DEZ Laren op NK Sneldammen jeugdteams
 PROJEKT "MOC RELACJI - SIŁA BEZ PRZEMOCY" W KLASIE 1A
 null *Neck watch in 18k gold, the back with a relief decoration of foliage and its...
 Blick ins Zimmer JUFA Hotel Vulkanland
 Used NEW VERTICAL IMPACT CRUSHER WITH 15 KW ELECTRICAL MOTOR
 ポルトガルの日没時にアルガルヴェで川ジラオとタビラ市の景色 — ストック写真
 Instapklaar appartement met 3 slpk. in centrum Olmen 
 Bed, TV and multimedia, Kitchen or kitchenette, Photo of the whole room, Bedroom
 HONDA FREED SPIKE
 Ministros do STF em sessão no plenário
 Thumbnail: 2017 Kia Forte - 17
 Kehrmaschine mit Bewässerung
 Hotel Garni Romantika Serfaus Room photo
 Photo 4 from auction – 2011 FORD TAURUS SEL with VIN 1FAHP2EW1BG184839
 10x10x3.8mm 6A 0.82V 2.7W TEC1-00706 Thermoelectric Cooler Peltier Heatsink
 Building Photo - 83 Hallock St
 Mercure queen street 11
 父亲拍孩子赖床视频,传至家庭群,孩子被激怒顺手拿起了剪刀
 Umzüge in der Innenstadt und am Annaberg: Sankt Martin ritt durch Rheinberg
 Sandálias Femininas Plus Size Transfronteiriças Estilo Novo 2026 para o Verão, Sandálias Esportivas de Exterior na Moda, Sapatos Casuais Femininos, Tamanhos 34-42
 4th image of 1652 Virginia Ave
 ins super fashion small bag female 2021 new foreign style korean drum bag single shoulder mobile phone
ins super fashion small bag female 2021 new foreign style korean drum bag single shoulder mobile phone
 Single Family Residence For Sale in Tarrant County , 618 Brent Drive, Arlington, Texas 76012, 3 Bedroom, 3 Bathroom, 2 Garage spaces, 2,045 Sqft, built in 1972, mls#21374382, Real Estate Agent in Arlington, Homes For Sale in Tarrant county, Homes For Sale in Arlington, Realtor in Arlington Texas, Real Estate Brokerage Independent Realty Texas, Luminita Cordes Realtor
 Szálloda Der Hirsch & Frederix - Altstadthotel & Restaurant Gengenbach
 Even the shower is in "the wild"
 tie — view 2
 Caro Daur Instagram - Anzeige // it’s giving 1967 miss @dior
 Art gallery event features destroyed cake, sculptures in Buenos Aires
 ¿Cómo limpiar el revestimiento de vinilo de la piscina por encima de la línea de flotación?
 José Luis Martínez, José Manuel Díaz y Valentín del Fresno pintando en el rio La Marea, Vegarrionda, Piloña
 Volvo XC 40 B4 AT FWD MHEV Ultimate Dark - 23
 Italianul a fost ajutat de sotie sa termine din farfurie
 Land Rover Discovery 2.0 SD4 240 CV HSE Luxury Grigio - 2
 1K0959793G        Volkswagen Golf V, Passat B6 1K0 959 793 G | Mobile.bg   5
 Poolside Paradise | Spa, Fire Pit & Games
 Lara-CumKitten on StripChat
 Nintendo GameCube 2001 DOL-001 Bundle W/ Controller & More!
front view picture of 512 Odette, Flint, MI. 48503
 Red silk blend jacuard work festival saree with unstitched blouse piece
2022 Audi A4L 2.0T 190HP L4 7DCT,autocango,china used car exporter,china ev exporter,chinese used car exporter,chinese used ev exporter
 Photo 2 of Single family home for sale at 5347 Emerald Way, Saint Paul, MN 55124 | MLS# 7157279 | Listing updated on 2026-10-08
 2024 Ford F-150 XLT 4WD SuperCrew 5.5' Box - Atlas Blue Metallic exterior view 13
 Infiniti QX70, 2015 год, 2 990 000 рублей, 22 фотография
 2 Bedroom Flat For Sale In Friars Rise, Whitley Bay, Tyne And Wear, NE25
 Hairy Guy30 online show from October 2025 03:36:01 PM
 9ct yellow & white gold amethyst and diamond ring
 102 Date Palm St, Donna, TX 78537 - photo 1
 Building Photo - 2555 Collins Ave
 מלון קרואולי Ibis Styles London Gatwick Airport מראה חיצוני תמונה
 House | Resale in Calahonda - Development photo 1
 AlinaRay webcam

Exercise requirements
Within the listing above, copy each line that has the string "korean".

Answer to this problem
 ins super fashion small bag female 2021 new foreign style korean drum bag single shoulder mobile phone
ins super fashion small bag female 2021 new foreign style korean drum bag single shoulder mobile phone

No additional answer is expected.